#### What needs to be done
Output only the stretch of the listing that starts at the line containing "如何通过单人训练模拟足球比赛提升技能与战术理解" and ends at the line containing "广州哪家公立机构做三代试管婴儿的成功率很高？", reproduced exactly with both ends.

#### Extracted entries
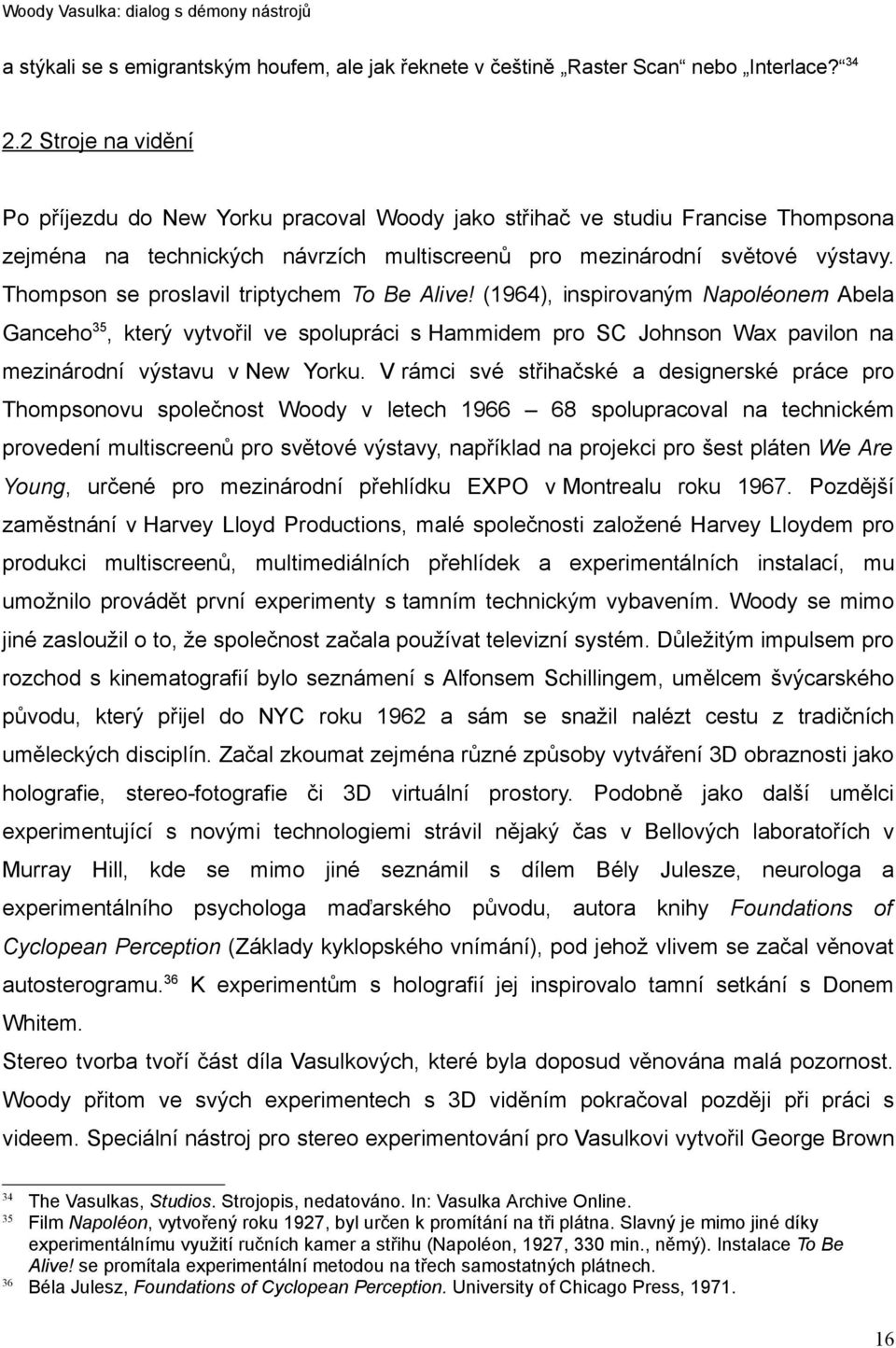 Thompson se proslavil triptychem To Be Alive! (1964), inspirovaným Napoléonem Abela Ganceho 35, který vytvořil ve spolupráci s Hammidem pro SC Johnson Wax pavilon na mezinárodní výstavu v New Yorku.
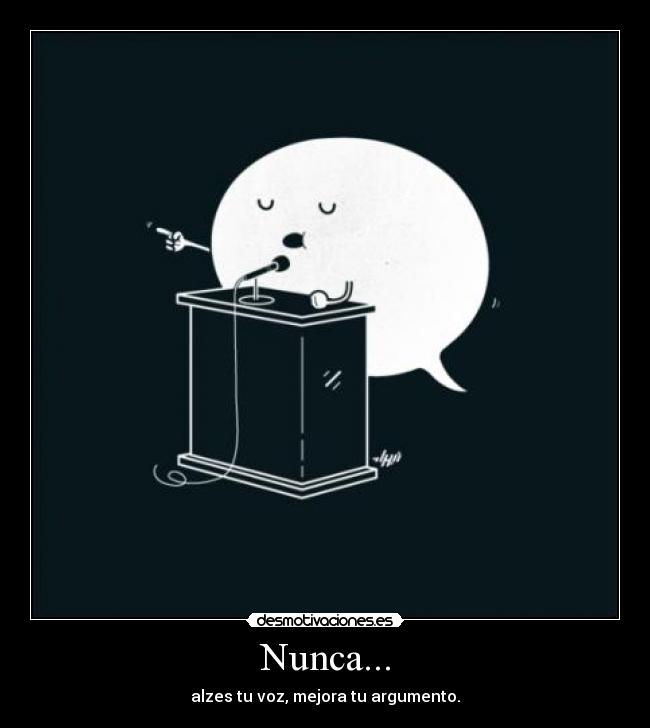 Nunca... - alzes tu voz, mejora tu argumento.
--
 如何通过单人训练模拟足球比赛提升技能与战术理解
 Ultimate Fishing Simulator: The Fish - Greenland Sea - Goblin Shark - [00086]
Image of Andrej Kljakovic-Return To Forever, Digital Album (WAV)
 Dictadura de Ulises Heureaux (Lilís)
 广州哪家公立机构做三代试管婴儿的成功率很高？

#### Expected answer
 如何通过单人训练模拟足球比赛提升技能与战术理解
 Ultimate Fishing Simulator: The Fish - Greenland Sea - Goblin Shark - [00086]
Image of Andrej Kljakovic-Return To Forever, Digital Album (WAV)
 Dictadura de Ulises Heureaux (Lilís)
 广州哪家公立机构做三代试管婴儿的成功率很高？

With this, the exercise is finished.